WHAT IS REQUIRED: Would you give the records below again, exactly and completely?

________________________

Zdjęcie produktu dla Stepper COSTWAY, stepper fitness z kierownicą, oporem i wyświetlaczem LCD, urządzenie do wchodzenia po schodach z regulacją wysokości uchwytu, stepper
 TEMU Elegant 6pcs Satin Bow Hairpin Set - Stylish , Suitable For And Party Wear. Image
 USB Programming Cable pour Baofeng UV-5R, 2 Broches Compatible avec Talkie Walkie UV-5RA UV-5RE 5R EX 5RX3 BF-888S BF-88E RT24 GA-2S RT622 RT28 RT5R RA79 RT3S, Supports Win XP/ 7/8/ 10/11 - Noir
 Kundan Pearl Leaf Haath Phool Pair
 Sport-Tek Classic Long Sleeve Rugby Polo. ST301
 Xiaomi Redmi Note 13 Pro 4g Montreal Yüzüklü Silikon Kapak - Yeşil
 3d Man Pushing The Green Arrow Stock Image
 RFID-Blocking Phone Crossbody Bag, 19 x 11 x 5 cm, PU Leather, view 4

________________________

WRITTEN REPLY:
Zdjęcie produktu dla Stepper COSTWAY, stepper fitness z kierownicą, oporem i wyświetlaczem LCD, urządzenie do wchodzenia po schodach z regulacją wysokości uchwytu, stepper
 TEMU Elegant 6pcs Satin Bow Hairpin Set - Stylish , Suitable For And Party Wear. Image
 USB Programming Cable pour Baofeng UV-5R, 2 Broches Compatible avec Talkie Walkie UV-5RA UV-5RE 5R EX 5RX3 BF-888S BF-88E RT24 GA-2S RT622 RT28 RT5R RA79 RT3S, Supports Win XP/ 7/8/ 10/11 - Noir
 Kundan Pearl Leaf Haath Phool Pair
 Sport-Tek Classic Long Sleeve Rugby Polo. ST301
 Xiaomi Redmi Note 13 Pro 4g Montreal Yüzüklü Silikon Kapak - Yeşil
 3d Man Pushing The Green Arrow Stock Image
 RFID-Blocking Phone Crossbody Bag, 19 x 11 x 5 cm, PU Leather, view 4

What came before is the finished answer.